As follow-up to the December 2019 Pathways to Health, resident-led event, we hosted two resident grant workshops to improve community member access to existing city and county resources.
February 2020 Workshop
On February 1, 2020, we hosted a Neighborhood Services Workshop in which residents applied for the City of Fort Collins Mobile Home Park Neighborhood Improvement and Community-Building Mini Grants, a funding stream which was established as a direct result of the December Pathways event. Residents applied for funds for safety lighting, tree trimming, sewer scoping, and other community identified priorities. As a group, the resident coalition applied for streetlights to provide better, more comprehensive neighborhood lighting. This grant workshop minimized barriers by enabling residents to complete the application during the session thanks to facilitation from community leaders, interpreters, and city staff. Over 30 applications were completed on February 1. Moving forward, interest remained high for this type of event. This workshop resulted in the resident coalition receiving $5,000 for safety lighting and $5,000 for tree trimming from City of Fort Collins Neighborhood Services.
March 2020 Workshop
On March 7, 2020, we hosted another grant workshop during which residents not only applied for Neighborhood Services grants, but also applied for the City of Fort Collins Department of Recreation Reduced Fee Program, Colorado Low-Income Energy Assistance Program, Fort Collins Utilities Payment Assistance, and Alianza NORCO Citizenship and Driver License Workshops.
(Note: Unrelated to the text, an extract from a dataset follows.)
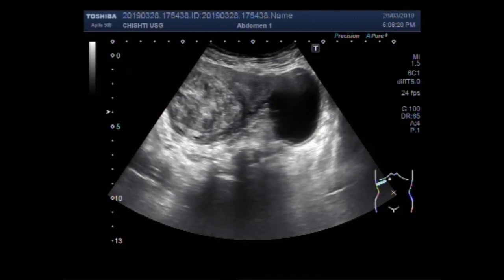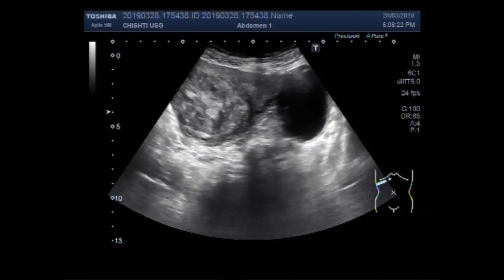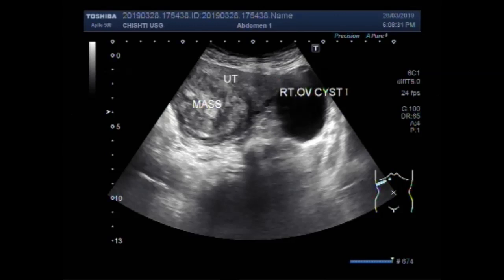Now you can see the right ovarian cyst and the uterine mass. This is the mass, this is the uterus, and this is the right ovarian cyst.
Through the second phase of Pathways to Health events, we have found that barriers to active living practices and the difficulties accessing safe routes to prioritized destinations are caused not only by direct challenges, but also by systemic power differentials that affect the quality of life and opportunities of Latinx individuals in Fort Collins mobile home parks. By focusing on empowerment and community needs at a more holistic macro level, we facilitated residents’ effort to become their own advocates for individual, neighborhood, and community level change, which results in better health.